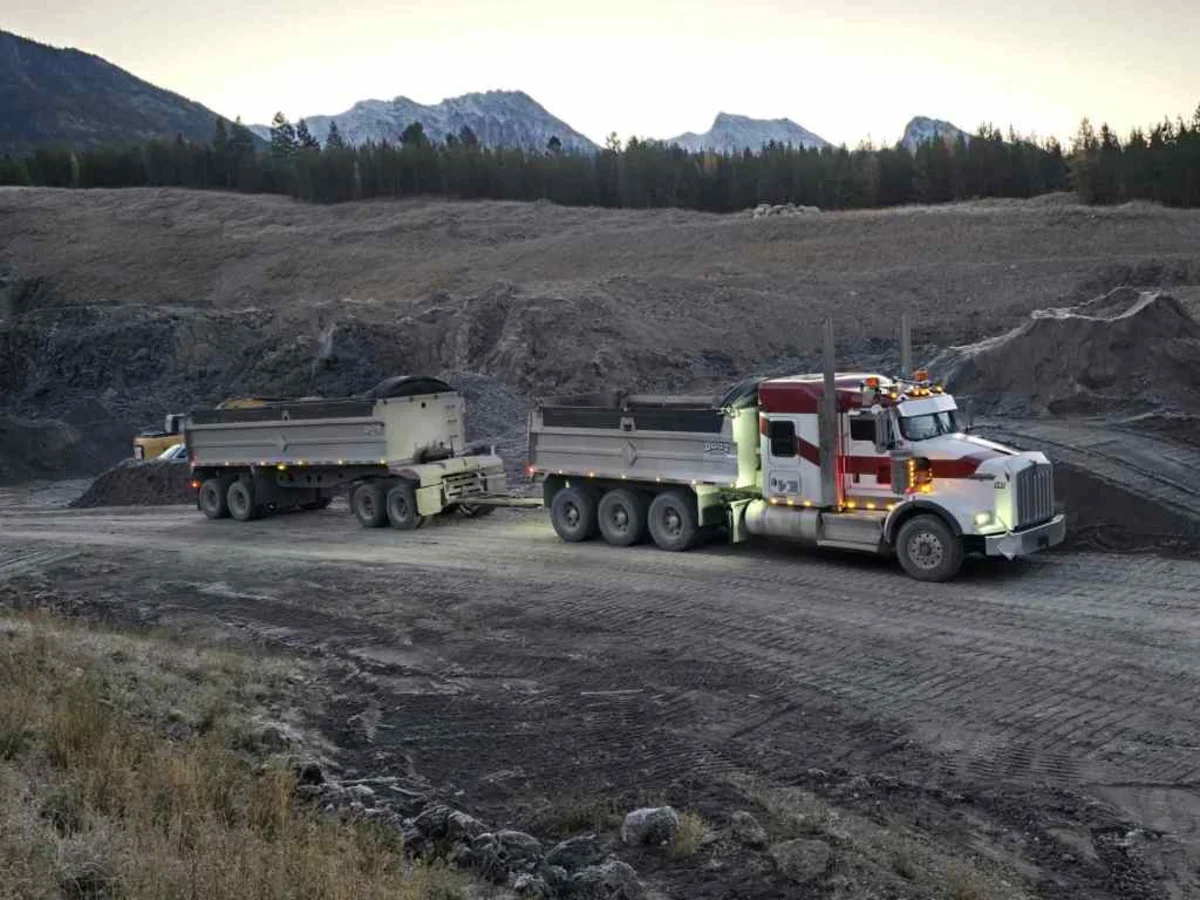 End Dump trailer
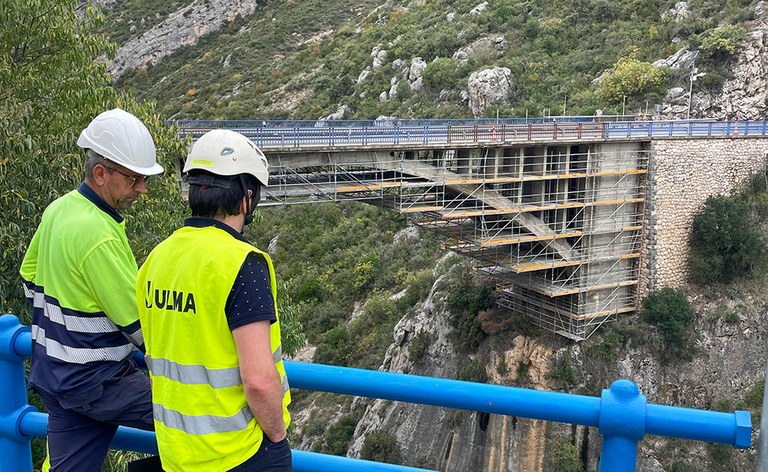 Andaime BRIO de 50.000 kg para reparação da ponte sobre o rio Esera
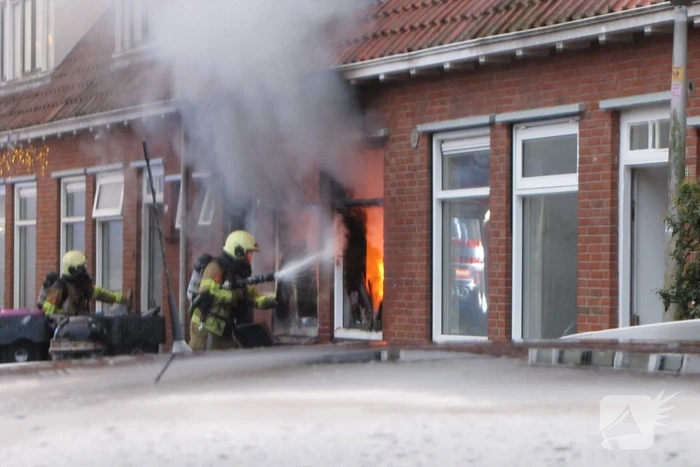 Bewoner ontsnapt via dak aan uitslaande brand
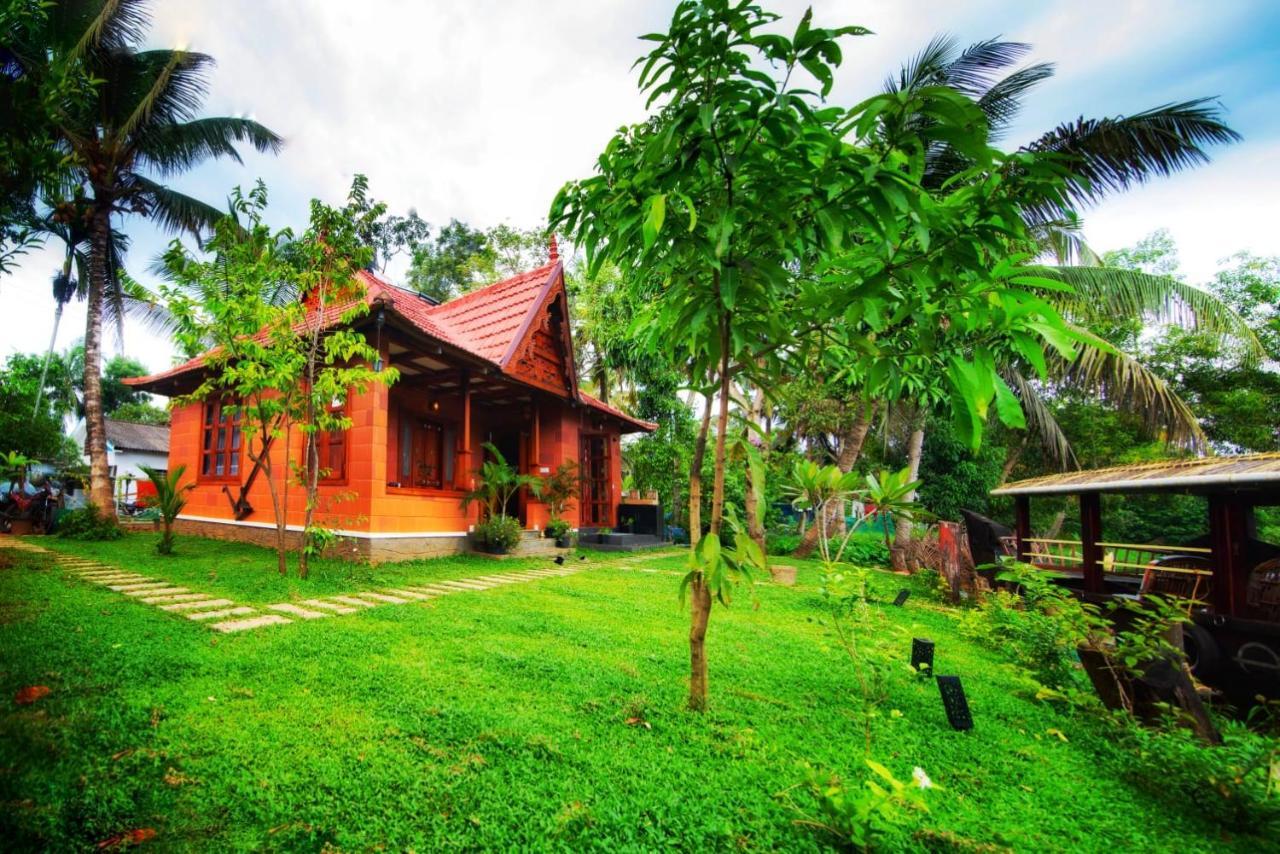 Little Chembaka Guest House Kumarakom Ngoại thất bức ảnh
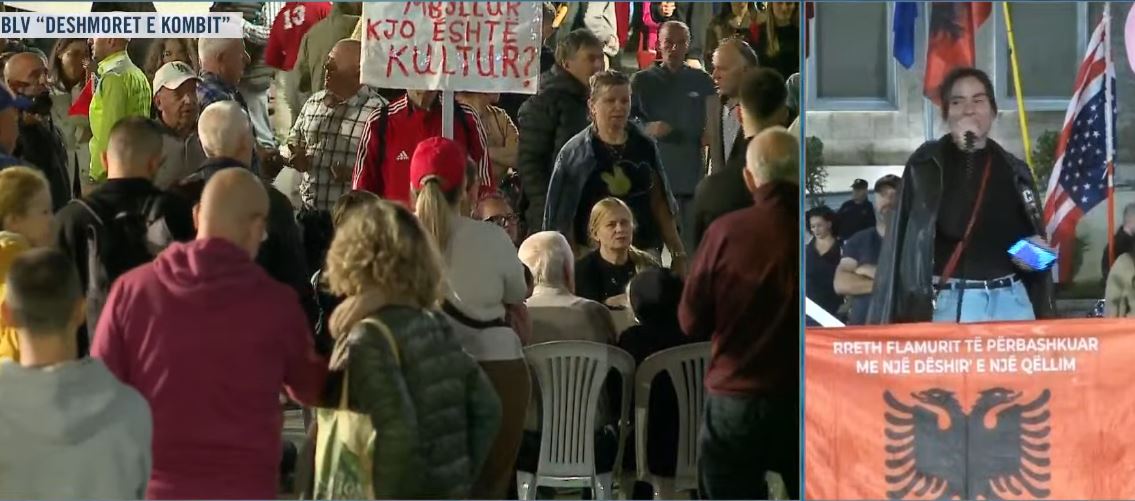 Revolta e 125 të qytetare   Të jemi të gjithë bashkë   protestuesja  Studentët po organizohen  më datë 13 do të je   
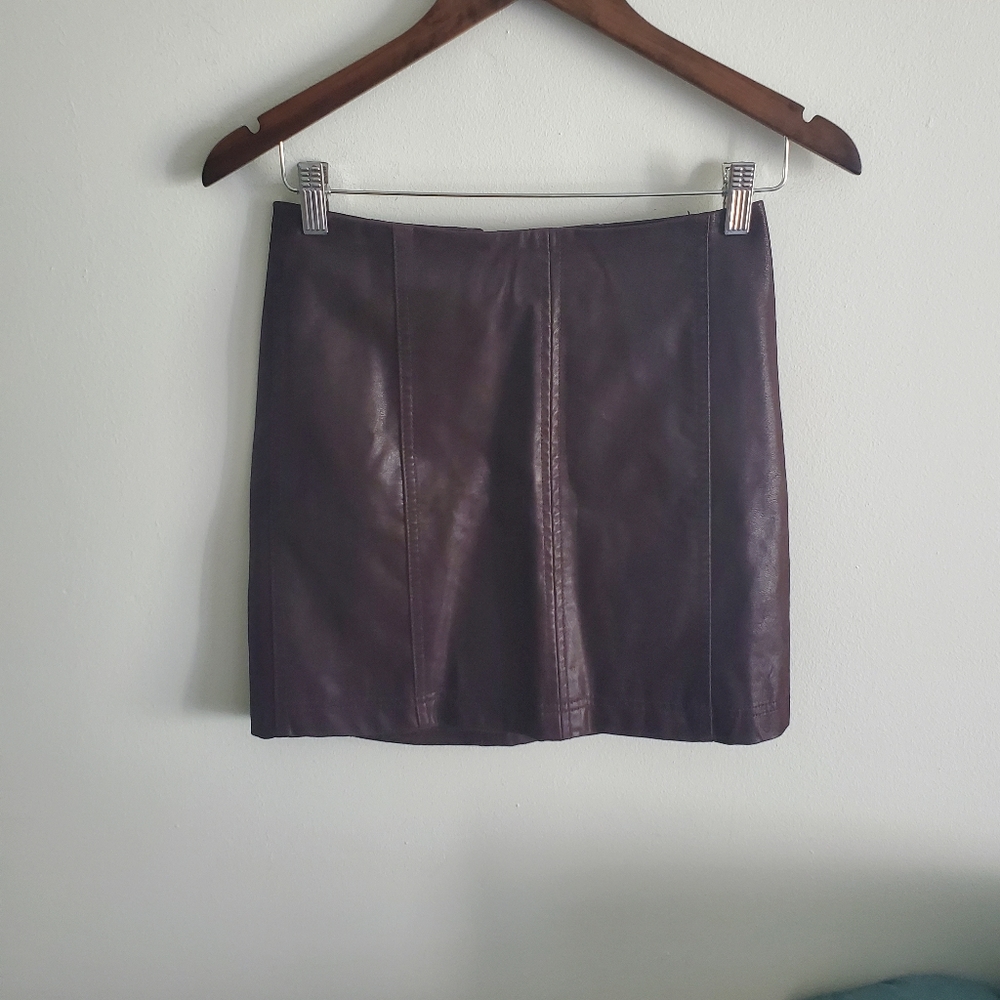 NWT Free People brown faux leather mini skirt size 2 neutral earth tone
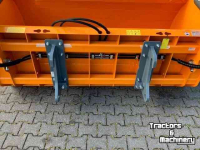 Coupe-blocs d'ensilage Flingk KHM2 2400 Kuilhapper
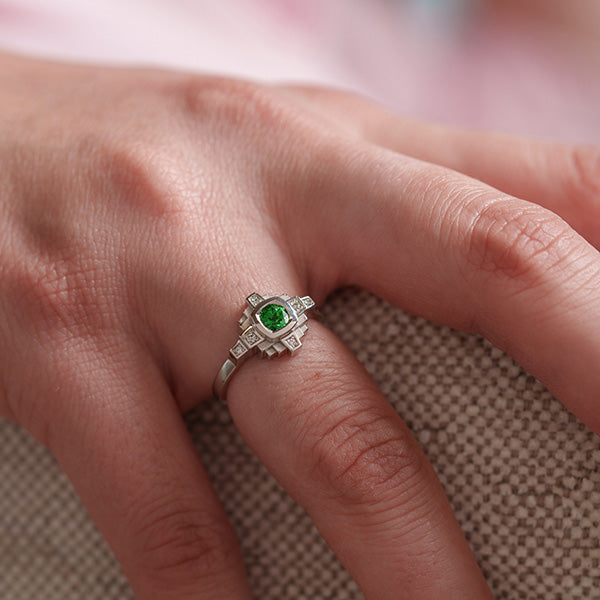 Esther Tsavorite green 4 mm and diamonds ring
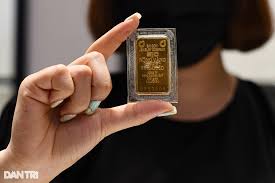 Gold Prices Plummet, Investors Face Heavy Losses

....

> Task item
Every entry above should be printed again exactly, except for the pictures.

> Result of this task
 End Dump trailer
 Andaime BRIO de 50.000 kg para reparação da ponte sobre o rio Esera
 Bewoner ontsnapt via dak aan uitslaande brand
 Little Chembaka Guest House Kumarakom Ngoại thất bức ảnh
 Revolta e 125 të qytetare   Të jemi të gjithë bashkë   protestuesja  Studentët po organizohen  më datë 13 do të je   
 NWT Free People brown faux leather mini skirt size 2 neutral earth tone
 Coupe-blocs d'ensilage Flingk KHM2 2400 Kuilhapper
 Esther Tsavorite green 4 mm and diamonds ring
 Gold Prices Plummet, Investors Face Heavy Losses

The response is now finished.